The textile industry is the second most polluting industry in the world. Henrik Norlin, board member of re:newcell, explains that this was the reason why they began investigating alternative recycling options for textiles. Today, re:newcells is building the first factory in the world, in Kristinehamn, which recycles textiles into new fibres which in turn can be used to produce quality clothing.
WHAT IS RE:NEWCELL?
– The basis of the company is an invention created at KTH Royal Institute of Technology in 2011, which was about turning cotton into textile pulp. The pulp is later used as raw material for the textile materials lyocell and viscose. Normally, lyocell and viscose are made from wood. We produce the pulp using old clothes instead of wood, which is a groundbreaking method! What’s unique with re:newcell is that we do not only recycle textiles but we also manage to create something with even better quality than the original garment.
At the moment, we are building a demonstration plant in Kristinehamn where we’ll be able to produce 7,000 tons of pulp. One ton of pulp equals the production of 2 million pairs of jeans and each pair of jeans consumes 10,000 litres of water in the original production. Our recycling method will therefore have a great impact. The textile industry is the second most polluting industry in the world, so even though we are making a small effort it will have big absolute advantages and consequences.
WHAT WERE THE REASONS BEHIND RE:NEWCELLS DECISION TO START UP IN KRISTINEHAMN AND VÄRMLAND?
– Because there is great expertise when it comes to process technique. A large part of our process is related to the pulp industry and we wanted to have close access to skilled labour and suppliers. We want the demonstration plant to be an innovative environment where people work as a team to close the circle around the textile industry, and to do so we need to be where the expertise is.
WHAT WERE THE SUCESS FACTors when you established re:newcell in Kristinehamn and värmland?
– Skilled people! We have also received very useful support and assistance from both local networks and Näringslivssamverkan in Kristinehamn to find the right people and coordinate our work with the Municipality. The geographical position also plays a part – logistics is important.
what would you say is important to encourage more business in värmland ?
– I think it’s important to focus on those who are in need of the expertise in Värmland. We found the right networks and competence! Värmland has unique expertise when it comes to paper and pulp, therefore it is a good idea to keep developing these areas.
what does the growth potential look like?
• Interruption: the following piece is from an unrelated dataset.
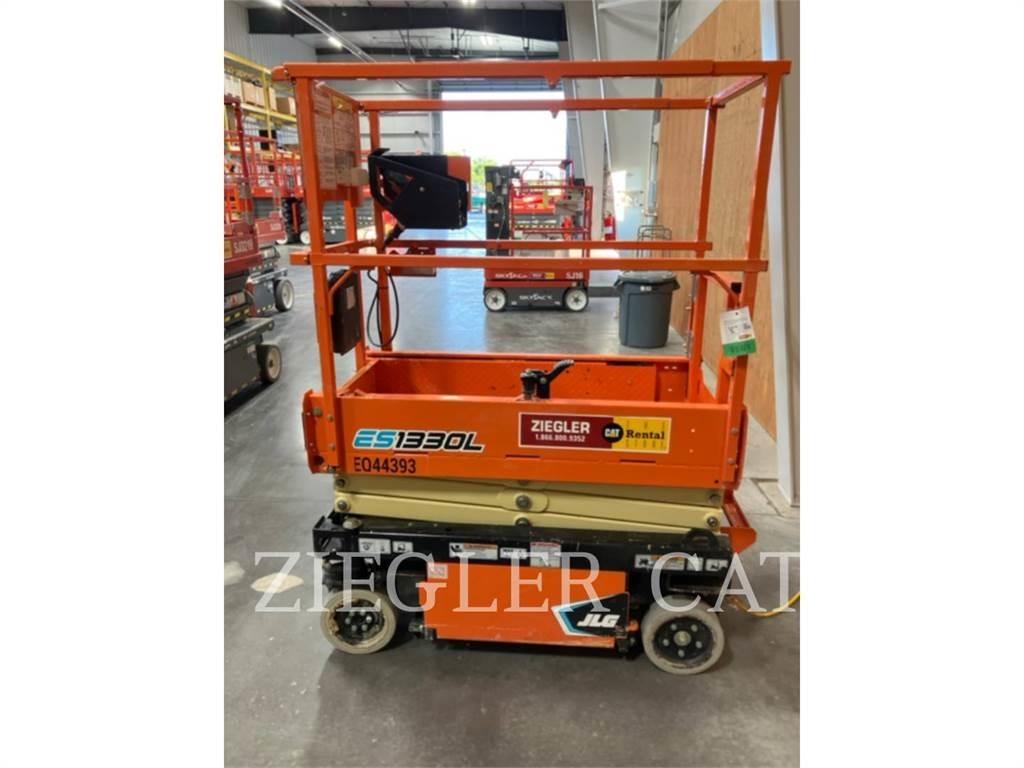 JLG ES1330L Platforme foarfeca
– The potential is immense. We won’t reach our full potential for a while yet, but if things work out the way we want them to, this will have great impact on the textile industry, both environmentally and structurally. The potential in Kristinehamn is immense: we want to be a world-leading hub for innovative textile recycling. Our ambition is for Kristinehamn to be the place where people from all over the world come to test our textile recycling process!